Asian Music and Dance

Double Bill: Pulsating Sursingar and Violin maestros Joydeep Ghosh and the Mysore Brothers

Darbar’s reputation as the most diverse, high-quality Indian music festival outside of India was upheld by its cracking first night. After a late start, Joydeep Ghosh took to the stage. He is not a big name and his hefty instrument, the sursringar, is even less known. Tuning took quite some time and the mixed audience shifted in their seats a little, but once he really started playing, all were captivated. The sursringar is the older brother of the sarod, and has not-often-heard rich bass tones that are reminiscent of Japanese stringed instruments like the junanagen. In the formidable hands of Ghosh it was a toy – long, ‘one-pluck’ held notes with subtlest ornamentation; languidly gliding over the fingerboard, yet with surgical precision as far as pitch. In the alap his oscillations murmured like a conversation between lovers, evoking gasps from the audience. Credit to the sound engineers for being able to pick it all up. The later jor and jhalla evoked a river as the sunset meets the water, creating a blaze of gold – this was dazzling playing, including the absolute treat of Shubh Maharaj’s tabla accompaniment. It was an electric combination that had the audience laughing in disbelief as the two anticipated each other’s rhythmic changes. Riveting.
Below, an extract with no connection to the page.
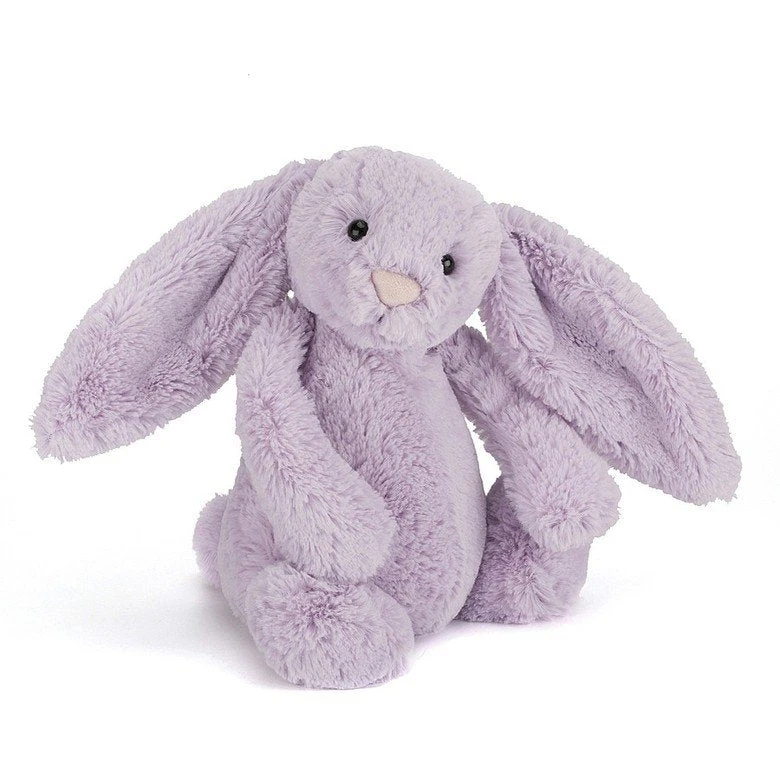 JELLYCAT SMALL BASHFUL HYACINTH BUNNY 1 JELLYCAT SMALL BASHFUL HYACINTH BUNNY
Next came the turn of the Mysore brothers. Amazingly, this was their UK debut, although they are world-renowned as virtuosos of the Carnatic violin. They started with a deep yet delightful composition in Ragam Kanada, moving to ‘Sadapalaya’ in Mohanam. Their strident bowing seemed to carve the music out of the instruments, and not even their rapid-fire fingering or strings breaking could upset their composed presence. Besides their astounding musicianship, they were absolutely charming – like two South Indian Groucho Marx lookalikes, they clearly deeply relished each other’s playing in that uniquely Indian way – shaking their heads, tutting, raising their eyebrows and emitting a disgusted-sounding ‘hah!’ every few minutes. They moved to Ragam Purvikalyani where the endlessly inventive phrases were executed at a devilish speed. The final piece was a Charukeshi ragam tanam pallavi. Both sober and spellbinding, it rose to an epic, mind-boggling crescendo, aided by the fantastic mridangam of Srimushnam Raja Rao and ghatam of RN Prakash. It was unfortunate that the concert went on so long that the staff turned on the lights and people began to leave, but this will surely not be the last time we see these two in the UK.